Твоя мать просит меня передать тебе, что она думает, что ты должна иногда писать ей. «Должна», и снова «должна», и всегда «должна» в этом зверином мире!

Твой преданный и истинно религиозный

Отец.

О ТОМ, КАК БЫТЬ ВОСХИТИТЕЛЬНОЙ

О ТОМ, КАК БЫТЬ ВОСХИТИТЕЛЬНОЙ

8 ноября 19— г.

Моя дорогая Алекса,

Ты обвиняешь меня в том, что я постоянно призываю тебя быть восхитительной и никогда не даю никаких подробных и конкретных инструкций, как ею быть. Я не могу отделаться от чувства, что обвинение более чем несправедливо, то есть я страдал от чувства несправедливости минут пятнадцать или около того. Мне казалось, что хотя я никогда не учил тебя путем наставлений, путем примера я не потерпел неудачи, ибо я был чрезвычайно очарователен с тобой, Алекса. Но размышление заставило меня осознать, что, возможно, нет, безусловно, ты права. Многие качества, которые делают мужчину очаровательным, являются антиподами тех, которые делают женщину восхитительной. Есть несколько, конечно, которые должны быть общими для обоих, но их мало. Я не буду играть с этой темой и наносить оскорбление твоему здравому смыслу, говоря тебе, что сама Природа научит тебя быть восхитительной, потому что я помню, что мы с тобой давным-давно, когда ты была чуть больше малышки, согласились, что восхитительность — это единственное качество, которым Природа никогда не обладает и, следовательно, никогда не может передать своим детям. Природа — это всякие приятные вещи. Она здорова, например, впечатляюща, восстанавливающа, нередко великолепна — прямо сейчас она сырая и отвратительно депрессивная, — но она никогда не бывает восхитительной. Восхитительность — это достижение искусства. Можно точно сказать о восхитительном саде; никто, кроме неразборчивого идиота, не стал бы говорить о восхитительной глуши. Альков, украшенный с тактом и освещенный, или полуосвещенный — лучше — китайскими фонариками, мог бы быть восхитительным: закат никогда не мог бы быть таким. Поэтому, дочь моя, если ты следуешь побуждениям Природы, ты можешь быть, скажем так, удивительной, но ты никогда не будешь восхитительной или чем-то подобным.

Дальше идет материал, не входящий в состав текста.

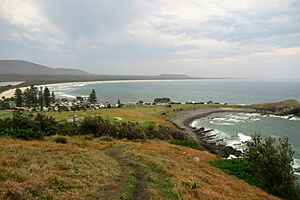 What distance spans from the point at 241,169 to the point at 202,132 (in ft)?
167

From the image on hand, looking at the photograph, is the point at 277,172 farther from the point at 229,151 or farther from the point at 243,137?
the point at 243,137

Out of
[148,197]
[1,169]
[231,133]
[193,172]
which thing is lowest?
[231,133]

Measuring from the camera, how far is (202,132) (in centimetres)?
8294

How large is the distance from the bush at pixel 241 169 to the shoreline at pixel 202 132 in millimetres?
21052

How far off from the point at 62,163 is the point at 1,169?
4528 mm

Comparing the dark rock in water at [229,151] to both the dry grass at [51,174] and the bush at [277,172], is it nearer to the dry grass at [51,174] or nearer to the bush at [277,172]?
the bush at [277,172]

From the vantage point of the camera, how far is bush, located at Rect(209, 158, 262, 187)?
29750 millimetres

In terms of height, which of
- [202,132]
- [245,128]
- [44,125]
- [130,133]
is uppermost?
[44,125]

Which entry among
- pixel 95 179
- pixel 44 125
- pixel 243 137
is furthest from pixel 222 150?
pixel 95 179

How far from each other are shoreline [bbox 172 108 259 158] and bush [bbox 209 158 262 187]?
21.1 meters

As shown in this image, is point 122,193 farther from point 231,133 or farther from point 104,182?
point 231,133

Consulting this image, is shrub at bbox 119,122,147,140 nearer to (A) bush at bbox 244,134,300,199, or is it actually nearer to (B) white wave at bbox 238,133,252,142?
(A) bush at bbox 244,134,300,199

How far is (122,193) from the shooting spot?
1490cm

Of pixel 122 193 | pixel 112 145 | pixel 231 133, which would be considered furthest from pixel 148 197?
pixel 231 133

Лично я думаю, что ты уже восхитительна; но тогда я вполне осознаю, что этот мой взгляд может быть отцовской предвзятостью, которую другие люди с более тупым восприятием, чем у меня, возможно, не разделяют. Если ты хочешь быть всеобще восхитительной, то должна быть готова сделать из себя произведение Искусства. Природа, к счастью для тебя — я могу сказать это без лести, — дала тебе материалы; тебе предстоит их обработать, помня, что естественно одаренная молодая женщина — это не более восхитительная молодая женщина, чем коробка красок — картина.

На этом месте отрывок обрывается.